An unceasing surveillance group otherwise known as APT33 group (Elfin) known for explicitly targeting on corporate networks has now set its sights by focusing on various organizations in Saudi Arabia and US by sending an assortment of malware in their system.
The hacker group which has reportedly compromised around 50 organizations in various countries since 2015, so far its attackers have bargained a wide range of targets including, governments alongside associations in the research, chemical, engineering, manufacturing, consulting, finance, telecoms, and several other sectors.
The cybercriminals scan the defenseless sites of a particular target and later use it for either command and control server or malware attacks if the site will be undermined effectively.
In spite of the fact that the gathering fundamentally focused on Saudi Arabia, with the 42% of attacks since 2016 and it’s compromised 18 organizations in the U.S alone in the course of recent years.
In any case, for this situation, Elfin focused on organization including engineering, chemical, research, energy consultancy, finance, IT, and healthcare sectors in the U.S alone.
Amid the attack, Elfin is said to have used an assortment of open source hacking instruments, custom malware, and commodity malware to compromise the diverse targets.

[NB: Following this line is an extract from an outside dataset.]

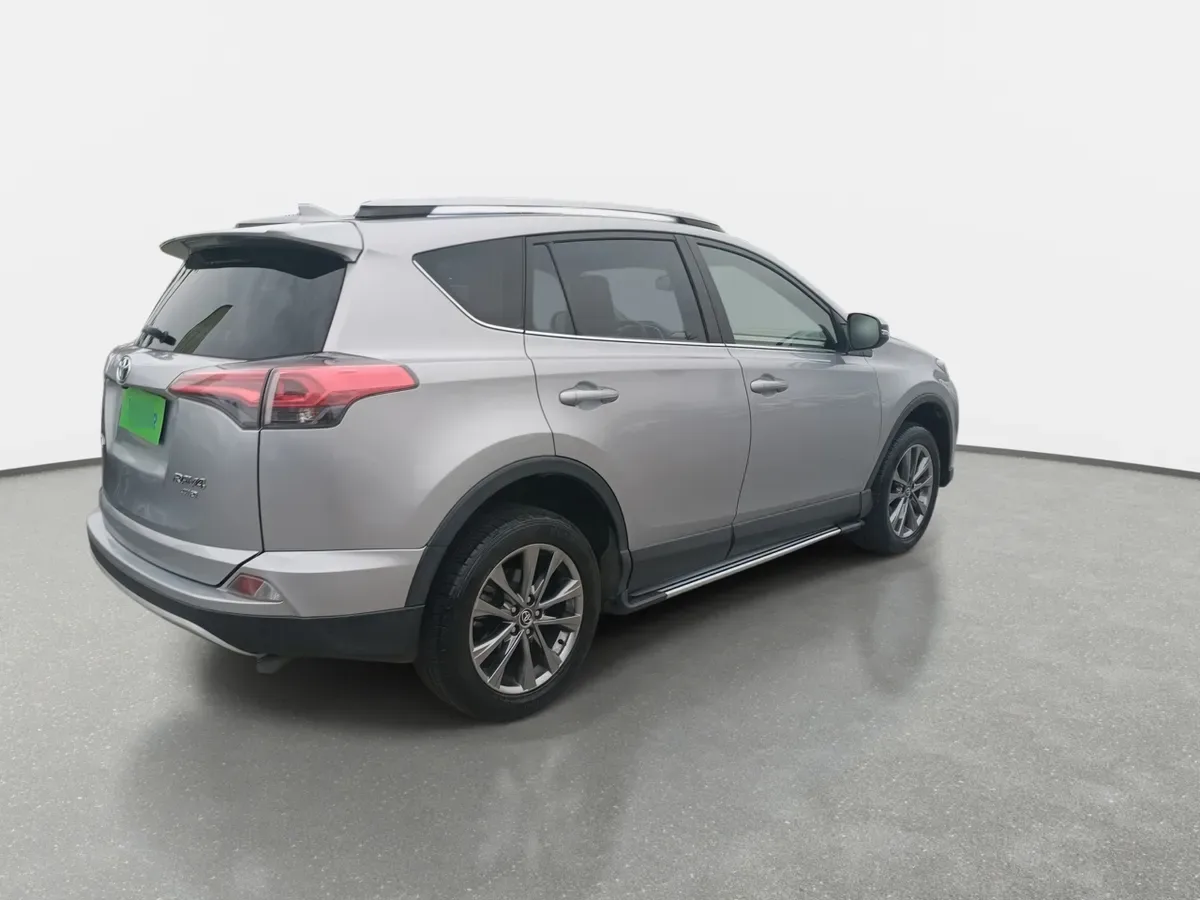 Toyota Rav 4 2.5 Adventure 4x4 At 5p año 2019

Elfin Adept utilizes various openly accessible hacking instruments, including:
- LaZagne (SecurityRisk.LaZagne): A login/password retrieval tool
- Mimikatz (Hacktool.Mimikatz): Tool designed to steal credentials
- Gpppassword: Tool used to obtain and decrypt Group Policy Preferences (GPP) passwords
- SniffPass (SniffPass): Tool designed to steal passwords by sniffing network traffic
Additionally, numerous commodity malware tools were utilized for these attacks and the malware accessible for purchase on the digital underground including:
- DarkComet (Backdoor.Breut)
- Quasar RAT (Trojan.Quasar)
- NanoCore (Trojan.Nancrat)
- Pupy RAT (Backdoor.Patpoopy)
- NetWeird (Trojan.Netweird.B)
Other than these, the custom malware family incorporates Notestuk (Backdoor.Notestuk), a malware in order to access the backdoor and assembling the data, Stonedrill (Trojan.Stonedrill), a custom malware equipped for opening a secondary passage on an infected PC and downloading the additional records.